If England are to replace Roy Hodgson with a home-grown manager, Sunderland's Sam Allardyce appears to be the only contender
Sam Allardyce, manager of Sunderland
Sunderland’s hopes of keeping Sam Allardyce as manager might rest with the Football Association opting for a foreigner to replace Roy Hodgson.
For
much of Hodgson’s reign the feeling was the FA would like him to be
succeeded by an Englishman and while that is still the case, now the
time has come to make a decision alternatives are thin on the ground.
According to reports, it leaves Allardyce as the solitary home-grown candidate.
Like David Platt and Stuart Pearce before them, Gary Neville and Gareth Southgate have been groomed for the role, only for the FA to get cold feet when it became vacant.
Southgate had his job in charge of all England’s under-age
teams stripped back to just the under-21s last summer after a
disappointing European Championships of his own and although he led them
to the Toulon Tournament in May, it has not been enough to reassure the
decision-makers about his qualities having failed in club management
with Middlesbrough seven years ago.
Hodgson’s assistant Neville
was building a good reputation until taking a job as Valencia coach in
December. He was only appointed until the end of the season but was
sacked in March on the back of a terrible run of form at the Mestalla.

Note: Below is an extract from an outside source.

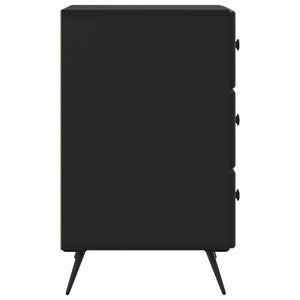 Κομοδίνο με συρτάρι Μαύρο 43 x 41 x 66,5 εκ. Επεξεργασμένο Ξύλο - Pakobazaar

England’s defensive failures at Euro 2016 have also reflected badly on the former right-back.
The only English managers to complete the last Premier League season led their sides to places 15, 16 and 17 in the table.
Alan
Pardew’s Crystal Palace and Eddie Howe’s Bournemouth hinted at much
better, only for their form to fall away alarmingly in the second half
of the season.
Howe is only 38 and 2016-17 was his first year of top-flight football, raising concerns about his inexperience.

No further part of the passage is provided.